BEIRUT: “The future is renewables,” India’s minister of new and renewable energy told the World Economic Forum in Davos on Wednesday.
“In India, I can very confidently say, affordability (of renewables) is better than fossil fuel energy,” Pralhad Venkatesh Joshi said during a panel discussion titled “Unstoppable March of Renewables?”
The cost of solar power has has fallen steeply in recent years compared with fossil fuels, Joshi said, adding: “The unstoppable march of renewables is perfectly right, and the future is renewables.”
Indian authorities have launched a major initiative to install rooftop solar panels on 10 million homes, he said. As a result, people are not only saving money on their electricity bills, “they are also selling (electricity) and earning money.”

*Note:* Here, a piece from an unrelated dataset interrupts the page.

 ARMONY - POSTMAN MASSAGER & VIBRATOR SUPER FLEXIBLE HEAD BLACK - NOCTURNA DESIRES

He said that this represents a “success story” in India in terms of affordability and “that is what we planned.”
He acknowledged that more work needs to be done to improve reliability and consistency of supplies, and plans were being made to address this, including improved storage.
The other panelists in the discussion, which was moderated by Godfrey Mutizwa, the chief editor of CNBC Africa, included Marco Arcelli, CEO of ACWA Power; Catherine MacGregor, CEO of electricity company ENGIE Group; and Pan Jian, co-chair of lithium-ion battery manufacturer Contemporary Amperex Technology.
Asked by the moderator whether she believes “renewables are unstoppable,” MacGregor said: “Yes. I think some of the numbers that we are now facing are just proof points in terms of their magnitude.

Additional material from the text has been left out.